Archaeological evidence suggests that pancakes were the earliest and most widespread food to be in eaten in prehistoric times. The ancient Greeks made pancakes called teganites and the earliest reference to them are in the works of the two 5th century BC poets, Cratinus and Magnes. It is believe that taganites were made with wheat flour, olive oil, honey and curdled milk. They would normally be served for breakfast. The ancient Romans also had a pancake they liked to cook. It was called alia dulcia which is Latin for ‘other sweets’. These were much different from what are known as pancakes today.
A pancakes shape and structure varies worldwide. A crepe is a thin, Breton pancake of French origin cooked on both sides in a special pan or crepe maker to achieve a lacelike network of fine bubbles. There is another well known variation which originates from southeast Europe. It is called a palacinke and it is a thin pancake fried on both sides, then filled with jam, chocolate, or ground walnuts but many other fillings, sweet or savoury.
Pancakes may be served at any time of the day.
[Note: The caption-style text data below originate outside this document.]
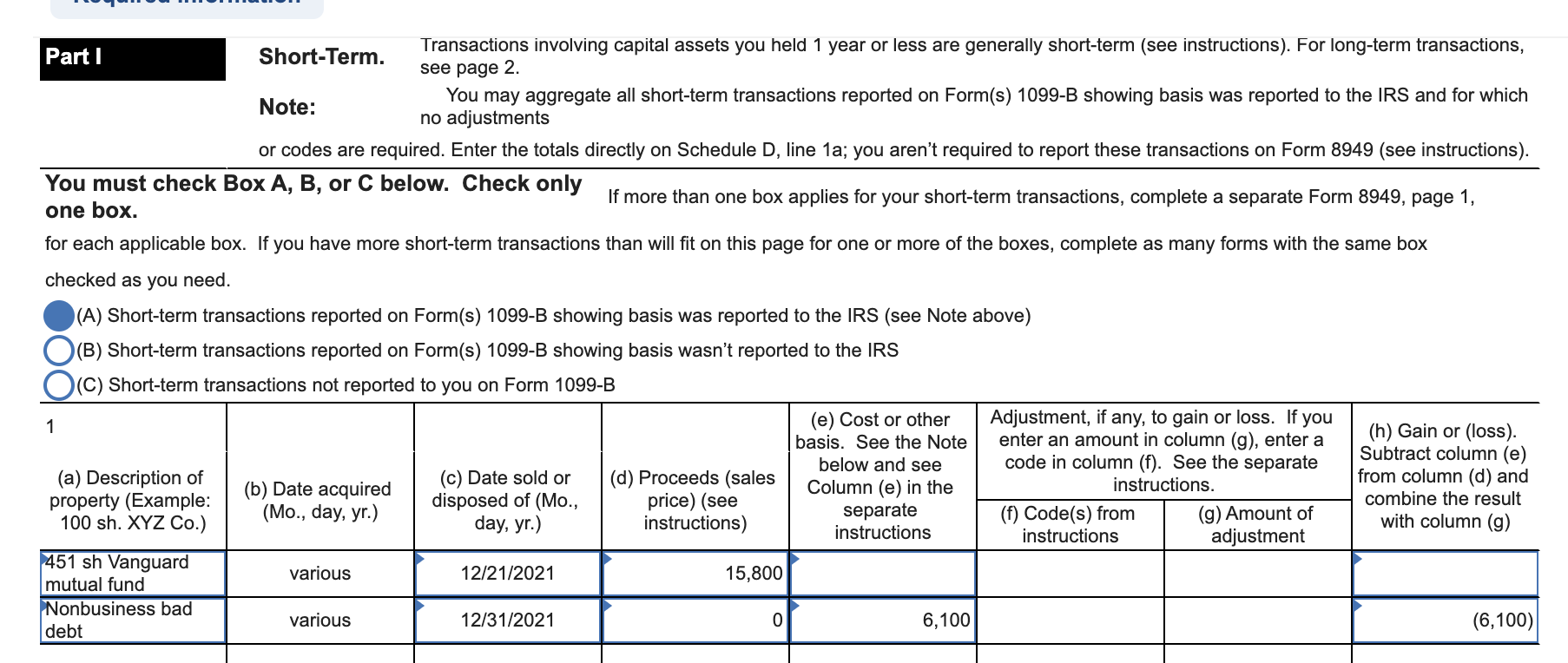 Part I Short-Term. Transactions Involving Capital | Chegg.com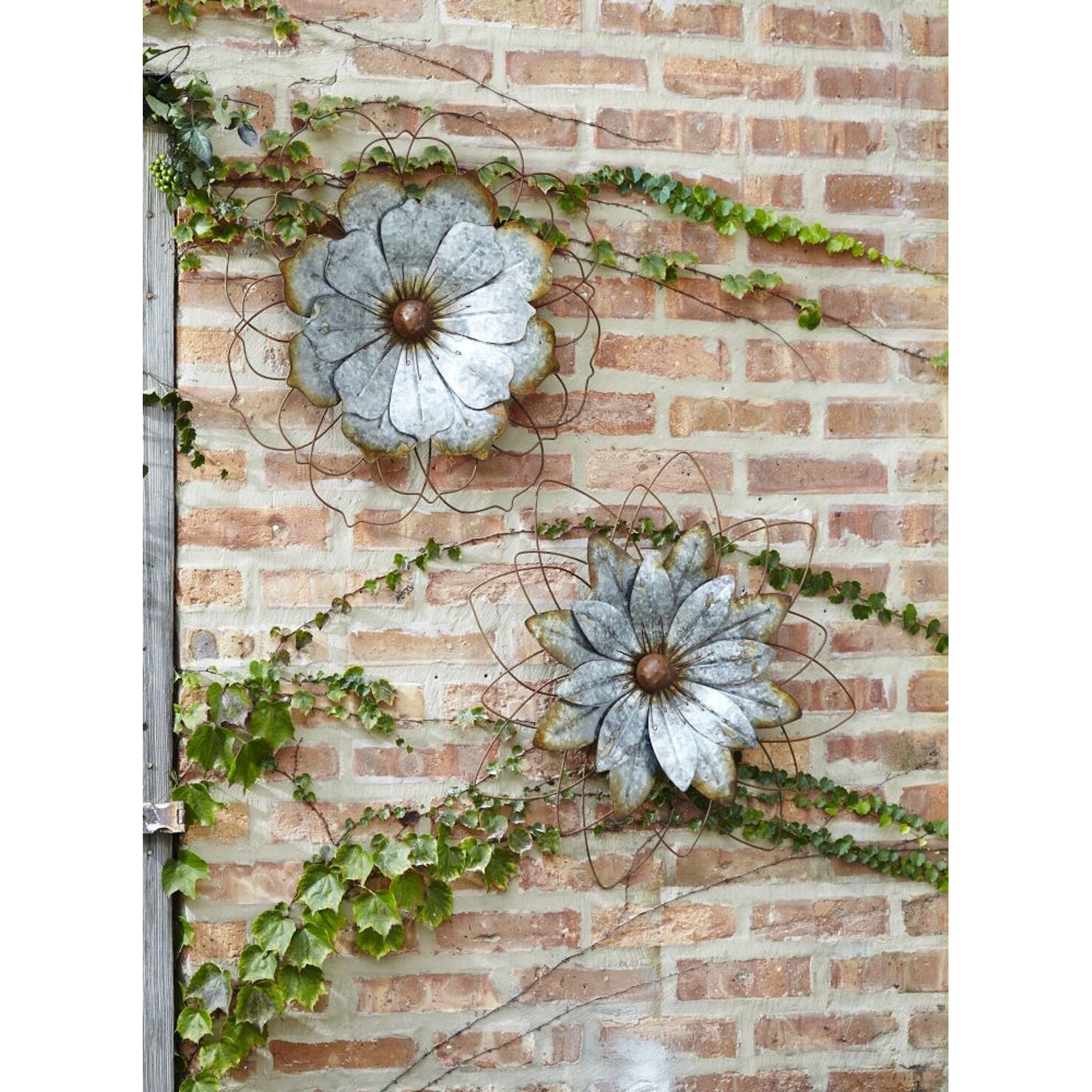 Shop Set Of 2 Silver Assorted Distressed Finish Metallic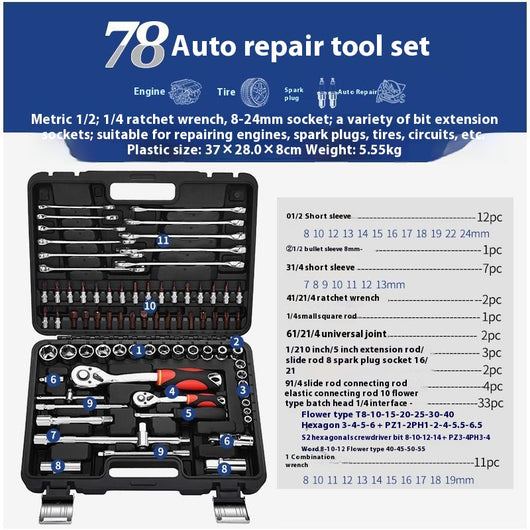 Kit de Herramientas Multifuncional para Reparación Automotriz con Llaves de Tubo - Image 13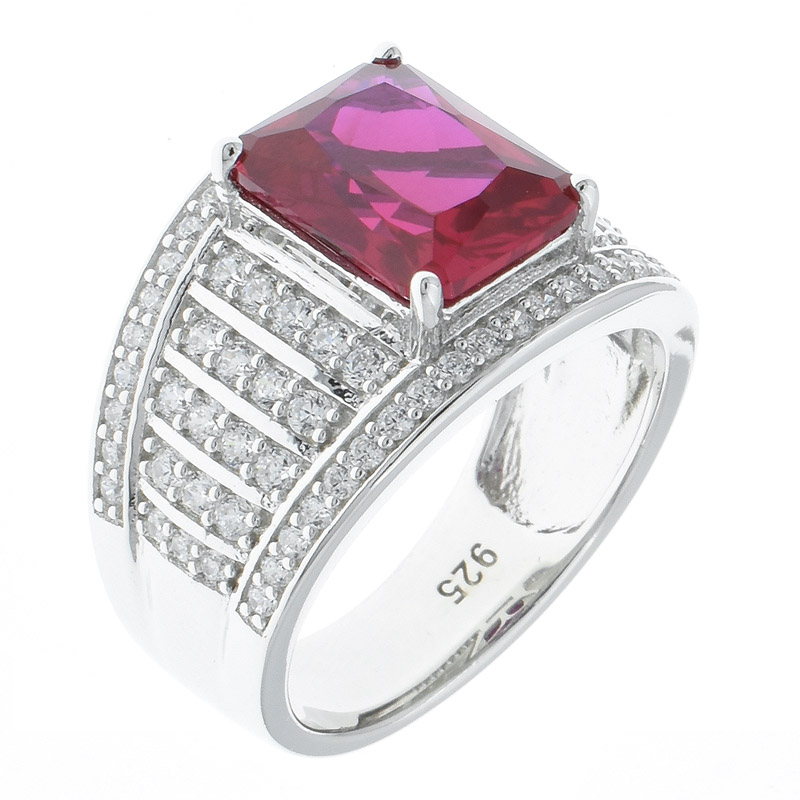 Silver Red Corundum Jewelry Ring For Women
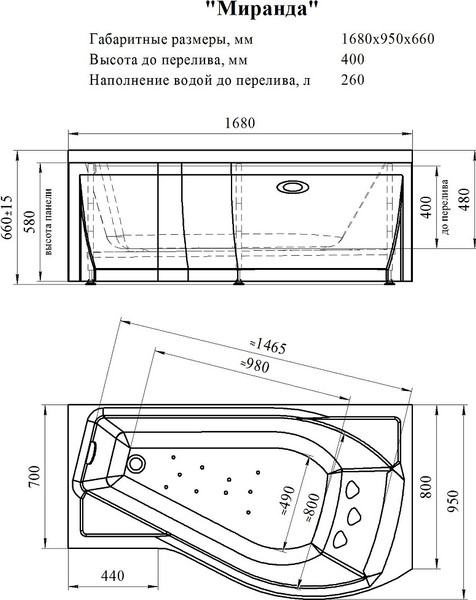 Изображение товара Ванна акриловая Radomir Миранда Люкс / 2-83-2-1-0-209 (с гидромассажем, левый)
We normally eat them for breakfast but they make a great afternoon snack or dessert but they also are fantastic as part of a main meal. They can be made with a variety of toppings or fillings including jam, fruit, syrup, chocolate chips or meat. In America they are typically considered a breakfast food. Although in Britain they are associated with a celebration called Shrove Tuesday. Most commonly known as Pancake Day when perishable ingredients have to be used up before the fasting period of lent.
As I mentioned earlier, pancakes are a huge favourite in our house, and any leftovers will always be eaten by Ted and I in the week. Pancakes are great because they can be frozen once they are cooked and have cooled. Or you can freeze the batter mix and eat again on another day. I always make my batter mix the night before and then store in the fridge. I have a hungry little almost four year old who almost demands breakfast as soon as we are downstairs. So for me there is nothing like being prepared and these pancake recipes mean you can be ready.
6) Sweet Potato Pancakes – One of my first recipes on this blog and there. have been many variations on my blog since. A great recipe everyone can enjoy.
5) Date and Banana Pancakes – Another favourite! The dates add a sticky sweetness to the pancake that makes them a delicious treat in the morning.
4) Breakfast Pizza Pancake – It’s a pancake that’s different and family nor friends will know what to expect but it is delicious.
3) Chocolate Tropical Fruit Pancakes – A sweet and slightly doughy pancake that the family loved. It’s a strange combination but works well.
2) Gallettes – A savoury recipe we brought home with us from our holiday in France last year and one we all still enjoy.
1) Vegan Banana and Raspberry Pancakes – A great pancake that will fill you up and keep you going until lunch time. The banana is sweet while the raspberries add a little sourness. It makes a great sweet and sour flavour to this pancake.